Gott gebraucht in diesem unvergesslichen Bild nicht nur die Mutterliebe, sondern auch das „In-die-Hand-Gzeichnet-Sein“. Das ist so viel Trost, dass es für viele Tiefen unseres Lebens reicht. Da steht nicht nur: „Dein Name ist eingeschrieben in die Hand Gottes.“ Stellen Sie sich wirklich einmal vor, wenn in diesem Augenblick Ihr Name – Vor- und Nachname – Gott vor Augen ist, gerade in den Tiefen, wo wir denken: „Gott hat mich doch vergessen.“ Er hat den Namen so gut vor Augen, dass er uns sieht.
Aber da steht nicht nur, dass der Name geschrieben ist. Es ist wichtig, dass der Name eingeschrieben ist, aber noch wichtiger: Sie sind eingezeichnet. Ich bewundere Porträtzeichner, die mit ein paar Strichen einen ernsten Gesichtsausdruck und die Physiognomie einfangen – all das, was den Charakter ausmacht: Sehnsüchte, Hoffnungen, Enttäuschungen.
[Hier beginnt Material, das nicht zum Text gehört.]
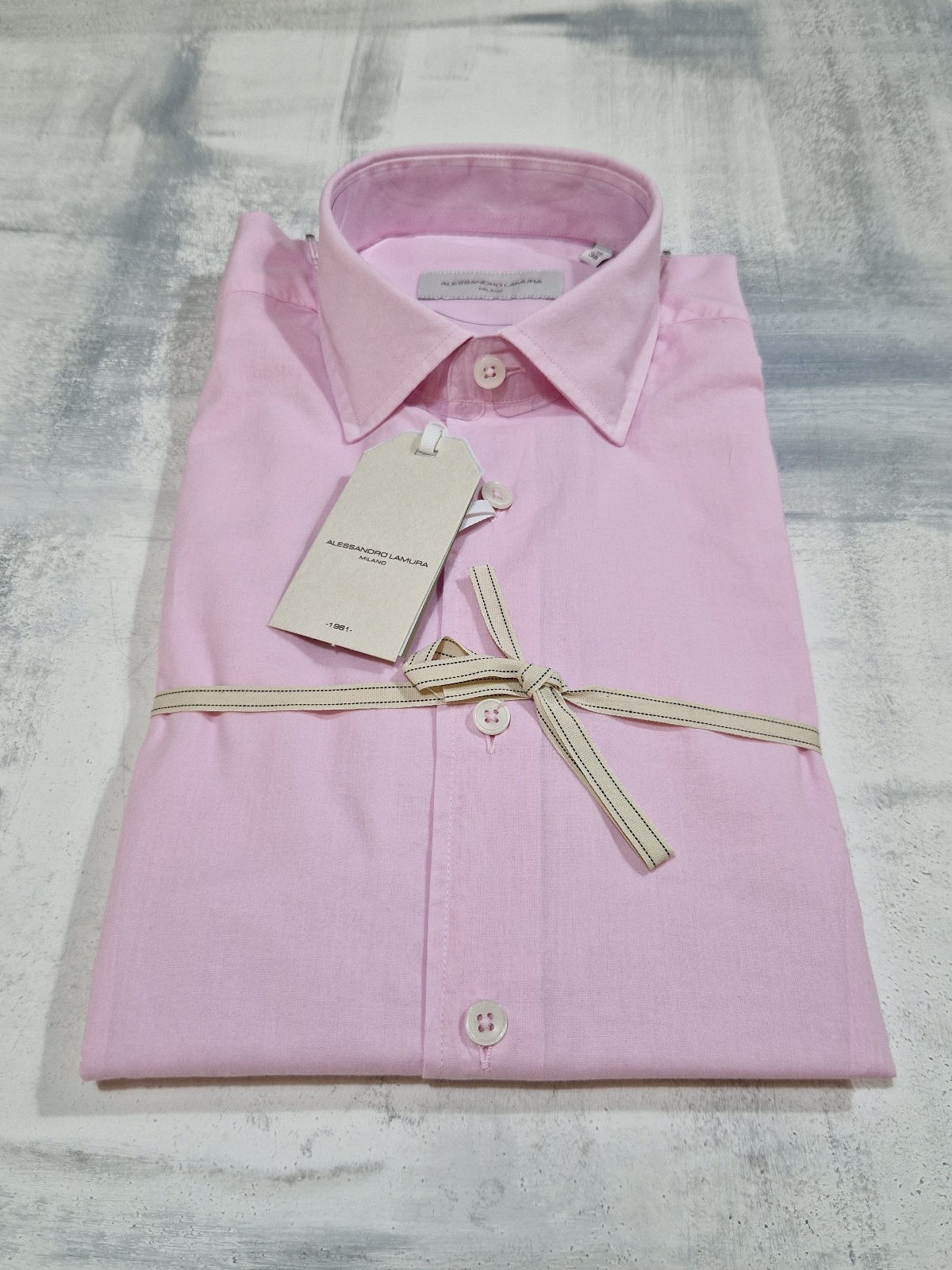 Camicia slim fit ALESSANDRO LAMURA in mussola di cotone TEAM04 - ROSA - immagine 2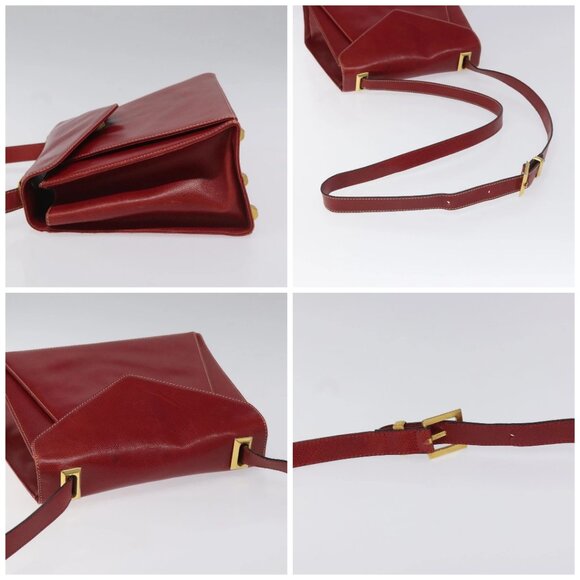 Salvatore Ferragamo Shoulder Bag Leather Red Auth 98267 - Picture 16 of 16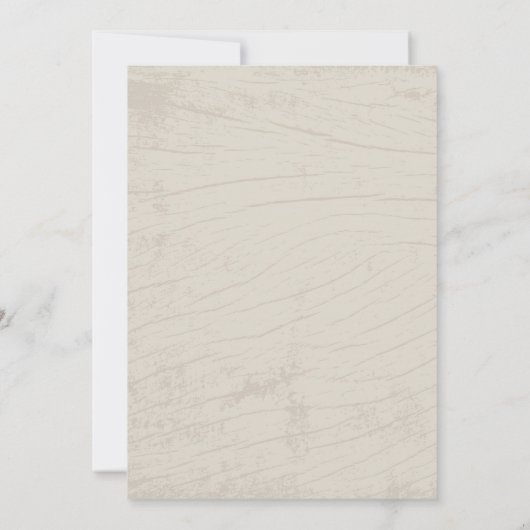 Jaarlijkse uitnodiging voor terugzending van kerst (Achterkant)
Ich bin Gott eingezeichnet in die Hand. Er sieht mich vor Augen – mit meinen Schwächen, Enttäuschungen, Sünden und Werken, mit allem, was ich bin. Ich bin ihm so vor Augen, und er kennt mich. Das ist Trost: Er kann mich gar nicht vergessen.
Wenn ich noch daran denke, dass die Hände Jesu, in denen ich eingezeichnet bin, gleichzeitig die Hände sind, die die Nägelmale tragen, bin ich überzeugt: Wenn wir einmal in der Ewigkeit vor Jesus stehen, werden wir an seinen Händen noch die Nägelmale sehen – als Zeichen seiner Liebe. Dann werden wir noch einmal sehen, was er getan hat. Da bin ich eingezeichnet, mit allem, was ich bin.
Da möchte ich hinsehen und ihm danken. Der Unglaube hat kein Recht mehr, mich in die Abgründe hinunterzustoßen. Gott gibt mir einen festen Grund, dass ich glauben und danken darf. Amen.